I need help with this Precal problem

find all the exact t- values for which sin t = -1/2
I need to show work also so any steps would be helpful!!

We're not supposed to DO your work. I'll therefore give you an example instead.

If you had cos x = 1, then

\alpha = cos^{-1} (1) = 90

And the answers would be

| /
S | A
____|/____
|\
T | C
| \

In 'A' and 'C', ( meaning all positive and cos positive)

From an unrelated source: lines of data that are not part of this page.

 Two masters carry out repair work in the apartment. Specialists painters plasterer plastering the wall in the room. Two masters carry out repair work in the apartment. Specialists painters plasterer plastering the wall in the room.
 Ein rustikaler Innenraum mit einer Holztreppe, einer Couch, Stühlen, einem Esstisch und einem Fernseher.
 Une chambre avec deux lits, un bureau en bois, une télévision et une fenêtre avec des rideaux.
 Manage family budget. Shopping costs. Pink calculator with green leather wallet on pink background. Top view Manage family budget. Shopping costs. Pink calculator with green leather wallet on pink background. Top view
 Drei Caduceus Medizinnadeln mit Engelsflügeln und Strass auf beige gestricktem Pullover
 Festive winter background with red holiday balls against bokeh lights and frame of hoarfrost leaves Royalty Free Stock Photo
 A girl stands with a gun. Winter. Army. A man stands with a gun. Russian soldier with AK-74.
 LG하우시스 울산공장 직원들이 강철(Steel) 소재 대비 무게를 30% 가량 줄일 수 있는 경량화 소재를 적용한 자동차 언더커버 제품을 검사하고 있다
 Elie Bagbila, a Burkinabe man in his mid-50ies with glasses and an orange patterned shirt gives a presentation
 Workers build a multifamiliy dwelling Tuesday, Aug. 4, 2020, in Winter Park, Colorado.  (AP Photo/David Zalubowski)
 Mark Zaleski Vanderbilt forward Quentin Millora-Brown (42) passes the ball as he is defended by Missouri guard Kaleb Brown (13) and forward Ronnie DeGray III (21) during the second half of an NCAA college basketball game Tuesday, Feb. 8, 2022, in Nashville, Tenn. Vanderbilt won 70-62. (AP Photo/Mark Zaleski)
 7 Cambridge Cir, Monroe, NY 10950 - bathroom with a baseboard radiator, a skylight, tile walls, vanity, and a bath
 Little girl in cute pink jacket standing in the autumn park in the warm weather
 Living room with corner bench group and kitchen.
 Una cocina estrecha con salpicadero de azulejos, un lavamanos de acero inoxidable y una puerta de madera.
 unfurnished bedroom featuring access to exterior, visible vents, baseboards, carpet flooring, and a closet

First angle is 90 degrees, you get it directly.
The second is 270, because 360 - 90 = 270 degrees.

Therefore, x would equal 90 and 270 degrees. (note that the angle you have is between the diagonal and the horizontal line)
---------

If you had cos x = -1, then

\alpha = cos^{-1} (1) = 90

And the answers would be

\ |
S | A
___\|_____
/|
T | C
/ |

In 'S' and 'T', ( meaning tan positive and sine positive) since you had cos x = -1 and if it is negative, it cannot be all positive nor cos positive.

First angle is 90 degrees, you get it by 180 - 90 = 90 degrees
The second is 270, because 180 + 90 = 270 degrees.

Therefore, x would equal 90 and 270 degrees.
-----------

If you had sin x = 0, then

\alpha = sin^{-1} (0) = 0

And the answers would be

\ | /
S | A
___\|/____
|
T | C
|

In 'A' and 'S', ( meaning all positive and sine positive)

First angle is 0 degrees, you get it directly.
The second is 180, because 180 - 0 = 180 degrees.
The third is 360 because 360 - 0 = 360 degrees.

Therefore, x would equal 0, 90 and 360 degrees.
----------

I know it's a bit confusing at first, so don't hesitate to outline the parts you don't understand.